Shamans and Development Experts

Robert Wright writes in his fascinating book, The Evolution of God:

There is in the world today a great and mysterious force that shapes the fortunes of millions of people…There are people who claim to have special insights into this force…Most of them have often been wrong about the future, and many of them have been wrong most of the time. In fact, it’s not clear their advice is worth anything at all…Nonetheless, {they} have a profitable line of work... Why? Because whenever people sense the presence of a puzzling and momentous force, they want to believe there is a way to comprehend it. If you can convince them that you’re the key to comprehension, you can reach great stature.

 Wright is not  talking about religion, but about stockbrokers and the stock market. Wright correctly points out that much research demonstrates that stockbrokers do NO better than you and me at beating the stock market. Yet we pay stockbrokers.

Wright then discusses shamans in hunter-gatherer societies, which meet a similar demand – somebody who claims to be able to influence the vast uncertainties of hunting failures, weather, and disease, which makes hunter-gatherers feel better. To Wright, stockbrokers meet the same religious need as shamans.

 With both shamans and stockbrokers, it helps a lot that we humans are really bad at distinguishing pure randomness from real accomplishment (as this blog is fond of pointing out).

 There is always one shaman/stockbroker who is performing above average due to sheer luck. We refuse to accept that it’s pure luck and we are drawn to this shaman/stockbroker. Then he (it’s usually a he) reverts to average. Again, we refuse to believe this is random, we say that he has now lost his touch and we switch to following the new above-average champion. So our general faith in the power of shamans/stockbrokers remains intact.

Some of you have guessed where I am going with this. Development experts are a lot like stockbrokers. To get specific, development experts offer the hope that their expertise will raise a country’s growth rate, despite the lack of ANY clear empirical evidence that they know how to raise a country’s growth rate.

 Few can accept the current consensus of the empirical growth and development literature -- that we know something about what works in the long run for development (institutions, human capital, etc.) but virtually nothing about how to raise growth in the short to medium run. As Abhijit Banerjee puts it:

it is not clear that the best way to get growth is to do growth policy of any form. Perhaps making growth happen is ultimately beyond our control. Maybe all that happens is that something goes right for once (privatized agriculture raises incomes in rural China) and then that sparks growth somewhere else in the economy, and so on. Perhaps we will never learn where it will start or what will make it continue. (In new book edited by Jessica Cohen and I, “What works in development: thinking big and thinking small”)

 Yet the demand for development experts is as intense as ever. For example, the World Bank spent $4 million on an expert-laden Growth Commission to raise growth, issuing a report in 2008, with this finding:

It is hard to know how the economy will respond to a policy, and the right answer in the present moment may not apply in the future.

Despite the possibly limited utility of this breakthrough,  the World Bank Growth Commission is now being emulated elsewhere.  The UK Department for International Development just spent £37 million on assembling academic experts into a new International Growth Centre (IGC) that will promote “sustainable growth in developing countries by providing demand-led policy advice based on frontier research.”

Relentless demand for growth experts despite lack of evidence for growth expertise may have a faith-based component, just like the demand for shamans and stockbrokers.

 Maybe I shouldn’t spend so much time mocking the “growth experts” who claim to know something they don’t (especially the day after being named one of the Top 100 Global Thinkers for being a “growth expert”).  Maybe I should just accept that people are going to keep listening to shamans on growth and development, and maybe shamans could even play a useful role. How to make sure that those shamans at the very least, do no harm, and maybe even recommend sensible things?
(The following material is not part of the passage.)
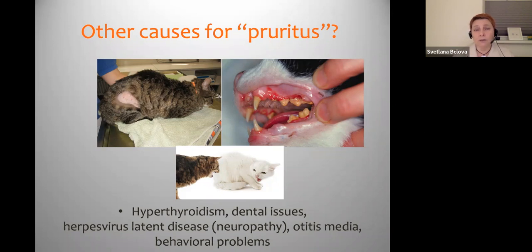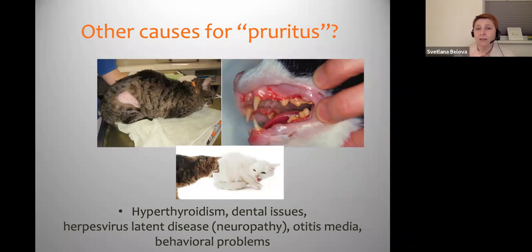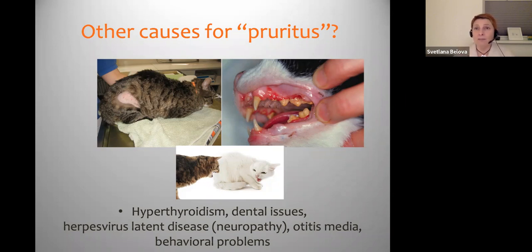Not symmetrical like an allergic cat. Mouth disease or dental disease may cause pain, and these cats may scratch their lips, or sometimes even put their paw inside the mouth, so it may be mistaken for pruritus.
 First, select the shamans on academic merit. Second, such quality academics should stick to their guns that nobody should waste time on experts directing growth from the top based on expert knowledge that does not exist. Such a top-down expert approach would actually do harm in unintentionally strengthening authoritarian and excessively statist approaches. The development shamans could still perform inspirational religious rituals as long as they don't actually affect anything.  Third, there are still plenty of useful things that academics can say about more specialized areas, such as health, financial regulation, macroeconomic management, education, clean water, and agriculture.

Indeed, the DFID International Growth Centre assembled a jaw-dropping list of stellar academic economists, fulfilling requirement (1). On (2) and (3), what seems to be going on at IGC is “bait and switch.” A few at the top spuriously promise the ability to raise growth, while the quality academics just get on with applying their specialized knowledge to specialized problems. At least there are good economists saying good things at the bottom.

Let’s hope that the power is shifting from the development shamans, who should be reassuring but powerless, to useful economists with useful knowledge.